Kelahiran Undang-Undang Desa 2014, sangat dinanti-nanti karena UU ini diharapkan mampu untuk mewujudkan pembangunan yang merata di Indonesia. Dengan semangat itu pulalah kemudian Dana Desa digelontorkan mulai dari tahun 2015 sampai sekarang. Tidak tanggung-tanggung, dana desa yang didistribusikan ke desa-desa jumlahnya triliunan rupiah. Berdasarkan buku saku dana desa Kemenkeu dana desa untuk tahun 2015, 2016 dan 2017 masing masing sebesar 20 triliun rupiah, 47 triliun rupiah, dan 60 triliun rupiah. Jumlah ini diperkirakan meningkat di tahun 2018 dan 2019.

   Dengan dana desa yang memadai ini, desa diberi kewenangan penuh dalam mengatur dan mengelola keuangannya untuk mengeksplorasi semua potensinya demi meningkatkan kesejahteraan masyarakatnya. Sesuai dengan UU Desa, Dana desa ini merupakan salah satu pendapatan desa yang antara lain digunakan untuk meningkatkan pelayanan publik di desa, mengentaskan kemiskinan, memajukan perekonomian desa, mengatasi kesenjangan pembangunan antar desa dan memperkuat masyarakat desa sebagai subjek pembangunan.

   Salah satu cara untuk mencapai tujuan tersebut adalah dengan mendirikan Badan Usaha Milik Desa (BUMDes). BUMDes merupakan badan usaha milik desa yang dikelola secara professional untuk mengembangkan produk unggulan desa yang akan menjadi alat penggerak ekonomi desa.
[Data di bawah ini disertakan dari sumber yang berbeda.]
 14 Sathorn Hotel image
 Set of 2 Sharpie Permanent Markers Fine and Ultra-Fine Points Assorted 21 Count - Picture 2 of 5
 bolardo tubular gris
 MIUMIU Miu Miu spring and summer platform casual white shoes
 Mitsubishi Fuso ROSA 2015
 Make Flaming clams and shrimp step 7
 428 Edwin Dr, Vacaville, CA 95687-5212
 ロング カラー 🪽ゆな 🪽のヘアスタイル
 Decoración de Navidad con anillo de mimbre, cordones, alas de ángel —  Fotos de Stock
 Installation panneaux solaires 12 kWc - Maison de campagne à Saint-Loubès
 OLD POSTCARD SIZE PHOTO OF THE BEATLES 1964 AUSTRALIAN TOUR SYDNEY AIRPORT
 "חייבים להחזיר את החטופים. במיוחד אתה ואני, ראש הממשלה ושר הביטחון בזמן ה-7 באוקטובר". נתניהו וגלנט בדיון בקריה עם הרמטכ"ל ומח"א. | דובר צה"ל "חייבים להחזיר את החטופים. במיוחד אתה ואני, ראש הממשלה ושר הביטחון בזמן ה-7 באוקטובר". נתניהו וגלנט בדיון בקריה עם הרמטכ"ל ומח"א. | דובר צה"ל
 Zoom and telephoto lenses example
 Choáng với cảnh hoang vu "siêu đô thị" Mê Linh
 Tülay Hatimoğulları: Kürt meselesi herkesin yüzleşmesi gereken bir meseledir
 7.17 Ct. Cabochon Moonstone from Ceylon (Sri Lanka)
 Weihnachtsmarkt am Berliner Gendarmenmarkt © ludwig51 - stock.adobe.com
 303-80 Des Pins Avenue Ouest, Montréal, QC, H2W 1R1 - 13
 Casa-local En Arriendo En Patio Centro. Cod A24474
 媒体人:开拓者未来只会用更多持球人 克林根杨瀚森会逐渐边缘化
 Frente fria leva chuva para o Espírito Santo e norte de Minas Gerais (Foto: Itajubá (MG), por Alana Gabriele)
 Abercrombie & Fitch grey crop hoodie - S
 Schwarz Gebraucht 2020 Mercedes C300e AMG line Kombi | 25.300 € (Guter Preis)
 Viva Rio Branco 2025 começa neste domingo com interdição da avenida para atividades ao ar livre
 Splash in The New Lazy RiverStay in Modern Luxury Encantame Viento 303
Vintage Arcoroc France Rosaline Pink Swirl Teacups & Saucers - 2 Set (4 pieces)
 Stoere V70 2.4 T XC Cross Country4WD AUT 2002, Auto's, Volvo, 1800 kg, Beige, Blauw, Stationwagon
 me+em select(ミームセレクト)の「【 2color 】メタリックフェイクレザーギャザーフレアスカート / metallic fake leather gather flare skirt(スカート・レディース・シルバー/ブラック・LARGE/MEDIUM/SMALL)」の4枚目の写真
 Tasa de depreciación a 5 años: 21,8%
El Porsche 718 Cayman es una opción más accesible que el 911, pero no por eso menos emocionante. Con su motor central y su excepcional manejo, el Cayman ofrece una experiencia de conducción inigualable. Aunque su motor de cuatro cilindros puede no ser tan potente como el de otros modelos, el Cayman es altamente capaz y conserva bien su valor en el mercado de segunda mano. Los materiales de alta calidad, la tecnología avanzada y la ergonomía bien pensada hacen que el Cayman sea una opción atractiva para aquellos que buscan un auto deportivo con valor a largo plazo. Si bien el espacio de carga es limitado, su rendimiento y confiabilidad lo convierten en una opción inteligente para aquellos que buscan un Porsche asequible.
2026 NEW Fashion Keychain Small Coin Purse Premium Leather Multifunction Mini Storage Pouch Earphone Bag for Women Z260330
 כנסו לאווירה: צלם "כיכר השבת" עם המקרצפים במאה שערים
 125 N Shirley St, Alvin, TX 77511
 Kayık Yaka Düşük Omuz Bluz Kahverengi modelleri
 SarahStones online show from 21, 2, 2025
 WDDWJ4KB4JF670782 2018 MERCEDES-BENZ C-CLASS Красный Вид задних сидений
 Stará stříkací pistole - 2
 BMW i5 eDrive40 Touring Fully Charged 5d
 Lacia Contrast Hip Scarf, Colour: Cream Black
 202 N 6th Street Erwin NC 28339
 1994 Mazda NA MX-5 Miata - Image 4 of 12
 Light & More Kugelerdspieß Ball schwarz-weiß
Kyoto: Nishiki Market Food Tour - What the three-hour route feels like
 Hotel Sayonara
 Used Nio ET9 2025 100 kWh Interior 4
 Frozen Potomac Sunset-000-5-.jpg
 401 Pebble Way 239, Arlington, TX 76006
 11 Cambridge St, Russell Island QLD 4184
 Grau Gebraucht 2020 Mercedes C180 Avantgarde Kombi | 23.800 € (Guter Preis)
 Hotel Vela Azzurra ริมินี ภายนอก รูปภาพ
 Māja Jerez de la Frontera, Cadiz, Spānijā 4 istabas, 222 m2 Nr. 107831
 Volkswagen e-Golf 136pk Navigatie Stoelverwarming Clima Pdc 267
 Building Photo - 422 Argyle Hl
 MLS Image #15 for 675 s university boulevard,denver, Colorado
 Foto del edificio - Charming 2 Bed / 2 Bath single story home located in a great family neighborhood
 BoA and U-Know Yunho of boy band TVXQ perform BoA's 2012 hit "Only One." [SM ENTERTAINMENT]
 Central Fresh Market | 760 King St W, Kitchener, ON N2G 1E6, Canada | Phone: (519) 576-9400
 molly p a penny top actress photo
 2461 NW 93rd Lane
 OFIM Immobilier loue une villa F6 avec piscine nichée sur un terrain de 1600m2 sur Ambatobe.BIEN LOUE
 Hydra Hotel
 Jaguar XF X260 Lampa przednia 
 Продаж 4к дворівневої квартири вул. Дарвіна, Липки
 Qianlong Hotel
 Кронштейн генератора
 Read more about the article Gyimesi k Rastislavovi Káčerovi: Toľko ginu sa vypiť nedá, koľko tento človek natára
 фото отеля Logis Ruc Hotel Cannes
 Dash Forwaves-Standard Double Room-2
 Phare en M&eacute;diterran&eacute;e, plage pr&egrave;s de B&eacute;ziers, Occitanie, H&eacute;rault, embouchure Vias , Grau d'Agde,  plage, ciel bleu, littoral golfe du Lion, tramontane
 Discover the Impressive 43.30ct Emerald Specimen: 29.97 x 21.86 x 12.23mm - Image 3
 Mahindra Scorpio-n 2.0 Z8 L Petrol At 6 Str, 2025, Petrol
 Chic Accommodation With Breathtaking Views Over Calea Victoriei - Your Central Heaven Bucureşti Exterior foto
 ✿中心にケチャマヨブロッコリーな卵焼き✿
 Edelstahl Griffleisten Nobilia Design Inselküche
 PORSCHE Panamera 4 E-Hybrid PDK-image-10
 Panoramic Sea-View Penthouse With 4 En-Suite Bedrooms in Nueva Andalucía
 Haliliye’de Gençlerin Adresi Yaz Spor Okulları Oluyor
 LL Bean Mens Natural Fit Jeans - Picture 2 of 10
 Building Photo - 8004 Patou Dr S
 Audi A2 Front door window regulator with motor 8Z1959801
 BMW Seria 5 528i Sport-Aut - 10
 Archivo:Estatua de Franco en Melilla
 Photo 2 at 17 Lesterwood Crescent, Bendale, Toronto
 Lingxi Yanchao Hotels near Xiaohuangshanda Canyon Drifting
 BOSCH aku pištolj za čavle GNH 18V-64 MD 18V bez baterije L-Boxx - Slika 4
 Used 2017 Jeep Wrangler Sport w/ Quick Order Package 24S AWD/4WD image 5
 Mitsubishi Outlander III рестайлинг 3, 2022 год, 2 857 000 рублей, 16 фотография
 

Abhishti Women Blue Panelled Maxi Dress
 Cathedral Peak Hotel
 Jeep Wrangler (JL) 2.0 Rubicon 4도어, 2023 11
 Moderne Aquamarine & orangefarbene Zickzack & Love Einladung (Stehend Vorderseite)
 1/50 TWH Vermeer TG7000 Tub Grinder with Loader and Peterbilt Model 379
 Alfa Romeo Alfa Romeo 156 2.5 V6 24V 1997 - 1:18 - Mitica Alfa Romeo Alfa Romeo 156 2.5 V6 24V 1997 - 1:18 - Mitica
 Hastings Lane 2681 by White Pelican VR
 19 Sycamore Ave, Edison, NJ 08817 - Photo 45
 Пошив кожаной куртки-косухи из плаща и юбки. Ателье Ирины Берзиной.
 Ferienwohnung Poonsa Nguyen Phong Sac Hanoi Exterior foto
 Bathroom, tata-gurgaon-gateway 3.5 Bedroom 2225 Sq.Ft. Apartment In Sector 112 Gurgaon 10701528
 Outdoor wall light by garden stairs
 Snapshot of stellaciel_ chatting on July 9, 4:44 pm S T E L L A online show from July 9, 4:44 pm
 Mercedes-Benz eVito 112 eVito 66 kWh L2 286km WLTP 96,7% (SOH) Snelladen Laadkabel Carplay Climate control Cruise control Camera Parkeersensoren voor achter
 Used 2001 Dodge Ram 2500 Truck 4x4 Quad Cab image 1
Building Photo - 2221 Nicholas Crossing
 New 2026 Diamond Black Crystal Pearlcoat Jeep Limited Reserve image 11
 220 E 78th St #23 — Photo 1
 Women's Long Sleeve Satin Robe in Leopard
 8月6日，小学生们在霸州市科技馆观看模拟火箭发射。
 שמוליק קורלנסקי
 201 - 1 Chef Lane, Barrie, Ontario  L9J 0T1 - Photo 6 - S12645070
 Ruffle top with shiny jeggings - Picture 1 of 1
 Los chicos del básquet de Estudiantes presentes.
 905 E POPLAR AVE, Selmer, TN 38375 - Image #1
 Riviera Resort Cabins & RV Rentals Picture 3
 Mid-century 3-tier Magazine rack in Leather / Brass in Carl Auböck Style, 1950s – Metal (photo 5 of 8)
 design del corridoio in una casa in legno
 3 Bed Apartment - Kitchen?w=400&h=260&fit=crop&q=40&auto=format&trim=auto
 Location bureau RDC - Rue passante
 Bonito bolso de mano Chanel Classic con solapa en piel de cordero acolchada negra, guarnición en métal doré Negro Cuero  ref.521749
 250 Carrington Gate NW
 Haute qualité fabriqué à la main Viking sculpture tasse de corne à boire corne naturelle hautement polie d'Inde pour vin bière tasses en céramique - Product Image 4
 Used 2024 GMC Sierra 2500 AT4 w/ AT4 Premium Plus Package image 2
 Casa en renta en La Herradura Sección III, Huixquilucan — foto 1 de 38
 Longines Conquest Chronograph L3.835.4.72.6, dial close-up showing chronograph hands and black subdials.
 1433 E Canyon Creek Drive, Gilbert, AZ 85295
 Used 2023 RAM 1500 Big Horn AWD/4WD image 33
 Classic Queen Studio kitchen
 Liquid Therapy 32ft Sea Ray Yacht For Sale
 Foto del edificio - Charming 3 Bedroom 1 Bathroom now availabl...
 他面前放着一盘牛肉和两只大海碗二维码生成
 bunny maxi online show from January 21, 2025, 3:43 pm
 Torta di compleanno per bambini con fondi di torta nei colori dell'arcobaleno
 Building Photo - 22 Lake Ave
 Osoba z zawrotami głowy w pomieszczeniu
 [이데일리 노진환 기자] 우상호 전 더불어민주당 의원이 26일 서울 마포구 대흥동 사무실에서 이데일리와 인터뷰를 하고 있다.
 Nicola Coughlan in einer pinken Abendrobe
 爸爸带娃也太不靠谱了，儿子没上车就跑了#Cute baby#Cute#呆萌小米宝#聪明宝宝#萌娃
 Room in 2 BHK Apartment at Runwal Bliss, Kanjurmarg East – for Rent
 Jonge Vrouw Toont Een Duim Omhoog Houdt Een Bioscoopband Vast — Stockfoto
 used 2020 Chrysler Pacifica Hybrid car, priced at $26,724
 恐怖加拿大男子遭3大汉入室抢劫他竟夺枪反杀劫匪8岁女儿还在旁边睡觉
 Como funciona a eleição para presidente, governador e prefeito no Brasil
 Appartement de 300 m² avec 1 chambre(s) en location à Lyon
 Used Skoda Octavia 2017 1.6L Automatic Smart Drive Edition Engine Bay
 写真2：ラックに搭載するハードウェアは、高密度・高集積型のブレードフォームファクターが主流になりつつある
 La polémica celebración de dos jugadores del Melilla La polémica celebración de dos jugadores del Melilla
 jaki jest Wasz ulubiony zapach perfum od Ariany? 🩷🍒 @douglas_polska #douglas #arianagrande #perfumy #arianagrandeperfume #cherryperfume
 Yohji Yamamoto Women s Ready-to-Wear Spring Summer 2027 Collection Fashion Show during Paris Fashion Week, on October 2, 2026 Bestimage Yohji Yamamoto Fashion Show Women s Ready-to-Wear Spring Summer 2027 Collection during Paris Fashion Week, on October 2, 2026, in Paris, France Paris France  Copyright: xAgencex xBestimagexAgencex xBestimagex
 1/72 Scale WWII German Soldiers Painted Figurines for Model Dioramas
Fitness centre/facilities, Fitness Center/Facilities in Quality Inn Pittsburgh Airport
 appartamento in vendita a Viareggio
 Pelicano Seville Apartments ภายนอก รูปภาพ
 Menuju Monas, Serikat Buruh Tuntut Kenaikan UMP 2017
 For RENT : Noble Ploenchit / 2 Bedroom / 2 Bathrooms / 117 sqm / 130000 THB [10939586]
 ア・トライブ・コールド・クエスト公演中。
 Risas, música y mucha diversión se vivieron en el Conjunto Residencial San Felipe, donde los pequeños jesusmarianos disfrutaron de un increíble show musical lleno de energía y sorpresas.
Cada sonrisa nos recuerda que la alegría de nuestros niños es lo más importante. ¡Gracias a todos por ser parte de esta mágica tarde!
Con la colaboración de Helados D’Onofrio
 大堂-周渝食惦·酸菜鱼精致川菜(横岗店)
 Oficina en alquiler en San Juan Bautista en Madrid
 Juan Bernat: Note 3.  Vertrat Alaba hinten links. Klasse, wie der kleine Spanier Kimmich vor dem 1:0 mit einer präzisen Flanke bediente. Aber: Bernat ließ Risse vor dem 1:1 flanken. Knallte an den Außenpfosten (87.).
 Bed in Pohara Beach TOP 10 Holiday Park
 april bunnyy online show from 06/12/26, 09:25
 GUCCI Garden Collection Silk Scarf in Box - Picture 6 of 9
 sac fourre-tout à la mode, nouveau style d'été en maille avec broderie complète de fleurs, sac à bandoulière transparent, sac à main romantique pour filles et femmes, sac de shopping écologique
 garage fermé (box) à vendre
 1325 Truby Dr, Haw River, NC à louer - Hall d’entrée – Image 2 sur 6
   Banyak desa yang telah berhasil mendirikan dan mengelola BUMDes yang telah menghasilkan keuntungan dan meningkatkan kesejahteraan masyarakat desa. Namun tidak sedikit pula BUMDes yang belum berhasil. Bahkan banyak pula desa yang belum berani untuk mendirikan BUMDes. Seperti juga badan usaha yang lain, BUMDes akan berhasil jika dikelola dengan tata kelola yang baik termasuk pelaporan yang transparan dan akuntabel. Lagi-lagi peran akuntan sangat diperlukan di sini. Mari akuntan, ikutlah membangun desa.